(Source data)
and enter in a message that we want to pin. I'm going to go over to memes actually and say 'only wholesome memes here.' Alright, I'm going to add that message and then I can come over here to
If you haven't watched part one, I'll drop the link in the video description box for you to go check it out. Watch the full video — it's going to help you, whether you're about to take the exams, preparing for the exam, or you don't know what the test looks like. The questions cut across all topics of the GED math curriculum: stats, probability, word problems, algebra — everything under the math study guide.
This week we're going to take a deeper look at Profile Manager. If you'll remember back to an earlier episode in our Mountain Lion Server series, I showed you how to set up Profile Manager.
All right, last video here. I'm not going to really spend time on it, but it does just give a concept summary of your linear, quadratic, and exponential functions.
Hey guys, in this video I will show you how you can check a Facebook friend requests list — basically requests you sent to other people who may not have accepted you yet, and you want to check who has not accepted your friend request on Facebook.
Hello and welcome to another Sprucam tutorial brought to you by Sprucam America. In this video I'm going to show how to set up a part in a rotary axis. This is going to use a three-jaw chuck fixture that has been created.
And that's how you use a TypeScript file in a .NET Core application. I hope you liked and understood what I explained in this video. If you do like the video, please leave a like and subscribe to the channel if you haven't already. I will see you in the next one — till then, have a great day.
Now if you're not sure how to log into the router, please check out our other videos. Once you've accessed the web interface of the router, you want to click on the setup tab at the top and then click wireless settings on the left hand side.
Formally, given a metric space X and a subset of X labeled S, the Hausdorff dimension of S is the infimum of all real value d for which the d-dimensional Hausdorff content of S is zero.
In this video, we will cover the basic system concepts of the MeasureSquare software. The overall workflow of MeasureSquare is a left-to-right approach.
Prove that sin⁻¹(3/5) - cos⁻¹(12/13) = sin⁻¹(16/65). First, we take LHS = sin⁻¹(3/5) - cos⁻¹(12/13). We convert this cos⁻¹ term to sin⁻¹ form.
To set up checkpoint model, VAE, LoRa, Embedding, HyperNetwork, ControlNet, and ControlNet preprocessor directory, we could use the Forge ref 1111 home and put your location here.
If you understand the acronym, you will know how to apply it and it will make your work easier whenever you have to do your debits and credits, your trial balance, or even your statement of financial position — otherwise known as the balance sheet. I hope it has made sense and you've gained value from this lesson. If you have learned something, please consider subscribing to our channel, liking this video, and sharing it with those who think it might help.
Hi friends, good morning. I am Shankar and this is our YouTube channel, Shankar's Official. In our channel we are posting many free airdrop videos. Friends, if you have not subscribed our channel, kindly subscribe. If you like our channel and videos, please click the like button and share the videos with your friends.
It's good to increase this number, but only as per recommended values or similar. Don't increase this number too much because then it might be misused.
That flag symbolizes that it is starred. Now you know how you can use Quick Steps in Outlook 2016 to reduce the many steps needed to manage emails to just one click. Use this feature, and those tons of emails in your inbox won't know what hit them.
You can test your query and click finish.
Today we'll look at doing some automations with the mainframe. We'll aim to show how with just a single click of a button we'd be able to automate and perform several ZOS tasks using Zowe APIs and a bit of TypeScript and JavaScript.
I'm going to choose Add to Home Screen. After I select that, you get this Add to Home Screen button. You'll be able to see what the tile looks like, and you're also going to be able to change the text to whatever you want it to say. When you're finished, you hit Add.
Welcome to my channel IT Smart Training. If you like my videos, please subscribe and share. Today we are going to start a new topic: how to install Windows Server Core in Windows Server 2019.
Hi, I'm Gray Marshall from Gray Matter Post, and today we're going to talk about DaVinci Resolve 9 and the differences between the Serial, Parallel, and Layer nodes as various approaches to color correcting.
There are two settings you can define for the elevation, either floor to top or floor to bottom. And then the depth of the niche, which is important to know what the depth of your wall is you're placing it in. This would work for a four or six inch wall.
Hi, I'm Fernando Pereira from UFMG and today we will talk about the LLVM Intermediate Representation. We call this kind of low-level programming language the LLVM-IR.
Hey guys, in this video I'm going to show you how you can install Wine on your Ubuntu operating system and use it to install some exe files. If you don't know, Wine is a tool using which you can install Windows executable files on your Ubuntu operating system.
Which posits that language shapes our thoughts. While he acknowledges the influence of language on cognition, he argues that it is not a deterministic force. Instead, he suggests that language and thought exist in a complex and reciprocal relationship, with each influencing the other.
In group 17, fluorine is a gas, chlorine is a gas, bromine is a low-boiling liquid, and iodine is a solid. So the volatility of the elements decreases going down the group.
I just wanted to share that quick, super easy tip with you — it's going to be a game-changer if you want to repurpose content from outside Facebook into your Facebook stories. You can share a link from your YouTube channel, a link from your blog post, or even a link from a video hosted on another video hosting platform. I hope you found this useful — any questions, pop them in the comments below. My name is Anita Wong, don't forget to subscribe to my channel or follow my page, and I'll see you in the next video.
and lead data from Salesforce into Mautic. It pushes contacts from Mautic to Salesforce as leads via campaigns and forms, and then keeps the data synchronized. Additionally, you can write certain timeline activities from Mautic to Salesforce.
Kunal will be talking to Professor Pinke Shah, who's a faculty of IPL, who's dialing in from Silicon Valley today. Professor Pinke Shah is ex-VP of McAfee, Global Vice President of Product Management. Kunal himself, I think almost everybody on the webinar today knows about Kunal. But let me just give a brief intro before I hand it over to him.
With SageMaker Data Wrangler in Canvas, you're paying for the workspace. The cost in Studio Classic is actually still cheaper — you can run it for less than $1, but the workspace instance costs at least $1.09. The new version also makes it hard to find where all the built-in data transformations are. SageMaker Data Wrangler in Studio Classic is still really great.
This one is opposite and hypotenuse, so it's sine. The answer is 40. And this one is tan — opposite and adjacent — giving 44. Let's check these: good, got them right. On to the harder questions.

:: Assignment ::
Search the entries for the word "might", then gather every line that has it.

:: Solved exercise ::
If you understand the acronym, you will know how to apply it and it will make your work easier whenever you have to do your debits and credits, your trial balance, or even your statement of financial position — otherwise known as the balance sheet. I hope it has made sense and you've gained value from this lesson. If you have learned something, please consider subscribing to our channel, liking this video, and sharing it with those who think it might help.
It's good to increase this number, but only as per recommended values or similar. Don't increase this number too much because then it might be misused.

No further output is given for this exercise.